Czy znacie ten moment, gdy pomimo wieloletniej nauki macie wrażenie, że w ogóle nie idziecie do przodu i zatrzymaliście się na jakimś poziomie? Mam nadzieję, że nie, jednak takie odczucie często przytrafia się w trakcie nauki języka obecnego. Z czego ono wynika?

Najczęściej jest ono spowodowane notorycznym błędami, które popełniamy od początku naszej nauki. Co mam więc dokładnie na myśli?

  1. Odpuszczanie jednego z elementów nauki

Nie ma co się łudzić, żeby swobodnie posługiwać się językiem obcym musimy opanowywać wszystkie moduły: czytanie, słuchanie, mówienie, pisanie. Często jednak zwyczajnie odpuszczamy sobie jeden z tych tematów. Wynika to z reguły z przekonania, że albo nie zamierzamy rozmawiać z Duńczykiem, albo nie mamy w planach pisać do nikogo listów. Z drugiej zaś strony często porzucamy ten element, z którym mamy najwięcej problemów. Rozgrzeszamy się przy tym myślą, że przecież z innych modułów idzie nam świetnie, a nie we wszystkim trzeba być dobrym. To jest jednak trochę droga na skróty, i trzeba pamiętać, że wszystkie te elementy wzajemnie się uzupełniają. A gdy któryś z tematów sprawia nam więcej trudności, oznacza to tylko tyle, że musimy poświęcić mu nieco więcej czasu i energii.

  1. Uczenie się przypadkowego słownictwa

Wiadomo, bez pewnego zasobu słów ani się nie dogadamy, ani nic nie zrozumiemy.

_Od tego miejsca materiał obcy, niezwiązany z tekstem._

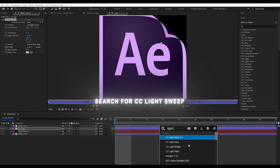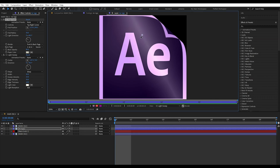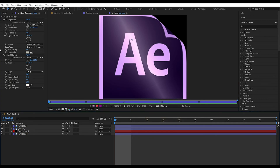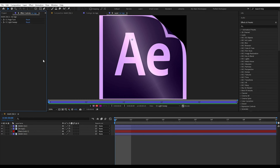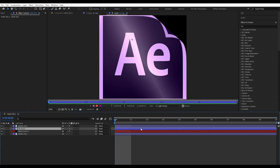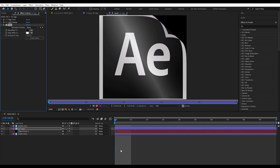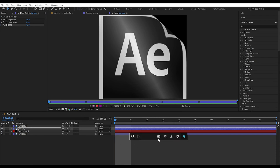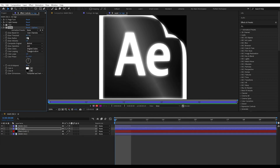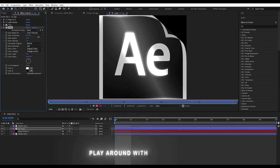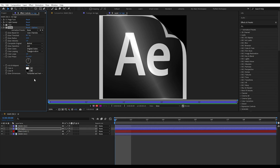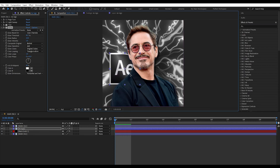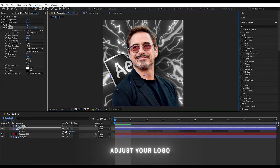Search for CC Light Sweep and add it. Now add Tint and play around with the settings. Select the rotation tool and adjust your logo.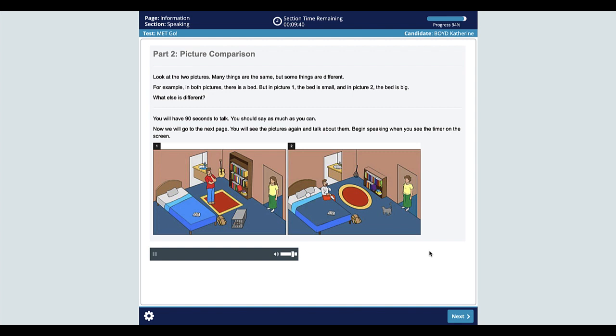Now we are going to start the second part of the test. Look at the two pictures. Many things are the same, but some things are different. For example, in both pictures, there is a bed. But in picture one, the bed is small, and in picture two, the bed is big. What else is different? You will have 90 seconds to talk. You should say as much as you can. Now we will go to the next page. You will see the pictures again and talk about them. Begin speaking when you see the timer on the screen.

Im bogatszy zakres, tym lepiej. Są bez wątpienie takie słowa, bez których „ani rusz”, ale są też i takie, bez znajomości których na pewnych etapach spokojnie jesteśmy sobie w stanie poradzić. Najgorsze, co więc możemy zrobić, to uczyć się słówek, których nigdy nie użylibyśmy w języku polskim, lekceważąc przy tym podstawowe słownictwo. Ambitnym jest wiedzieć jak jest po duńsku podwozie, ale tylko w przypadku gdy słowem samochód posługujemy się z wielką płynnością. Otwarcie słownika, czy literatury specjalistycznej na samym początku drogi nie jest dobrym rozwiązaniem dlatego, że prawdopodobnie poświęcona energia nie przyniesie żadnych specjalnych korzyści. Zmarnujemy prawdopodobnie czas i włożoną pracę, a brak efektów wcale nie będzie dla nas motywująca.

  1. Brak systematyczności

Nic odkrywczego. To praktyka czyni mistrza, więc bez regularnej nauki nic nie osiągniemy. Mówiąc regularność, niestety nie mam na myśli, że będziemy raz na miesiąc zaglądać do podręcznika, bo tym sposobem na efekty będziemy musieli „trochę” poczekać… W tym przypadku less wcale nie oznacza more. Tutaj tylko częste i systematyczne powtarzanie treści i sprawi, że efekty przyjdą prędzej niż później. Nie ograniczajmy się do „minimum” i nie zatrzymujmy się na godzinnej lekcji raz w tygodni z lektorem. Skoro my, żeby posługiwać się poprawnie językiem polskim, spędziliśmy wiele lat, pięć razy w tygodniu w ławce na lekcji języka polskiego z milionem prac domowych, to oznacza to tylko tyle, że nauka języka to jest regularna i wieloletnia praca.

Uświadomienie sobie błędów, które popełniamy przy nauce języka obcego to już połowa sukcesu. Obserwuj czy notuj swoje postępy, porównuj się do siebie sprzed miesiąca, pół roku itd. Małe sukcesy bywają niezwykle motywujące!